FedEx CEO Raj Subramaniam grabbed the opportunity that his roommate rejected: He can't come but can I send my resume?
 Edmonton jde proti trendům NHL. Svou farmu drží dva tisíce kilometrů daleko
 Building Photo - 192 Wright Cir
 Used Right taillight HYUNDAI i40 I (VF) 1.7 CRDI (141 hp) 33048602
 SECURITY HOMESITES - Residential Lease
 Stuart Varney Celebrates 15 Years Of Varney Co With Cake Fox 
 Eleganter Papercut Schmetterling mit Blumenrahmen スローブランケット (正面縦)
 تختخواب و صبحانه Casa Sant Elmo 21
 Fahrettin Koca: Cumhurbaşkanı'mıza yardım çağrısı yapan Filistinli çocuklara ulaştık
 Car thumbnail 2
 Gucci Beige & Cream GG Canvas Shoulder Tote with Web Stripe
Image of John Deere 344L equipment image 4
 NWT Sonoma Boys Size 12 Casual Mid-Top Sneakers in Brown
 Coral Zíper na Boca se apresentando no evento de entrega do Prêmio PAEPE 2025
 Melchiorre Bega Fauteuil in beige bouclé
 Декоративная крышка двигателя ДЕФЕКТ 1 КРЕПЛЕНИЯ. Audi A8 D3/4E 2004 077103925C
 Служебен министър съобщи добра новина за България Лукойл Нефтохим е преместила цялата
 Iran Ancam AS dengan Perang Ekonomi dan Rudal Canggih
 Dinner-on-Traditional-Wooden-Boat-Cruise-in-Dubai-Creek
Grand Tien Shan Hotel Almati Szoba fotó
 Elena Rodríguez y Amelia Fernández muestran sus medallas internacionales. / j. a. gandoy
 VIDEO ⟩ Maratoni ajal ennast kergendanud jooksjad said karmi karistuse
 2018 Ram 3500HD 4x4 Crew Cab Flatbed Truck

================================

◆ **PROMPT**
Each record needs to be copied out again, letter for letter.

◆ **RESULT FOR THIS EXERCISE**
FedEx CEO Raj Subramaniam grabbed the opportunity that his roommate rejected: He can't come but can I send my resume?
 Edmonton jde proti trendům NHL. Svou farmu drží dva tisíce kilometrů daleko
 Building Photo - 192 Wright Cir
 Used Right taillight HYUNDAI i40 I (VF) 1.7 CRDI (141 hp) 33048602
 SECURITY HOMESITES - Residential Lease
 Stuart Varney Celebrates 15 Years Of Varney Co With Cake Fox 
 Eleganter Papercut Schmetterling mit Blumenrahmen スローブランケット (正面縦)
 تختخواب و صبحانه Casa Sant Elmo 21
 Fahrettin Koca: Cumhurbaşkanı'mıza yardım çağrısı yapan Filistinli çocuklara ulaştık
 Car thumbnail 2
 Gucci Beige & Cream GG Canvas Shoulder Tote with Web Stripe
Image of John Deere 344L equipment image 4
 NWT Sonoma Boys Size 12 Casual Mid-Top Sneakers in Brown
 Coral Zíper na Boca se apresentando no evento de entrega do Prêmio PAEPE 2025
 Melchiorre Bega Fauteuil in beige bouclé
 Декоративная крышка двигателя ДЕФЕКТ 1 КРЕПЛЕНИЯ. Audi A8 D3/4E 2004 077103925C
 Служебен министър съобщи добра новина за България Лукойл Нефтохим е преместила цялата
 Iran Ancam AS dengan Perang Ekonomi dan Rudal Canggih
 Dinner-on-Traditional-Wooden-Boat-Cruise-in-Dubai-Creek
Grand Tien Shan Hotel Almati Szoba fotó
 Elena Rodríguez y Amelia Fernández muestran sus medallas internacionales. / j. a. gandoy
 VIDEO ⟩ Maratoni ajal ennast kergendanud jooksjad said karmi karistuse
 2018 Ram 3500HD 4x4 Crew Cab Flatbed Truck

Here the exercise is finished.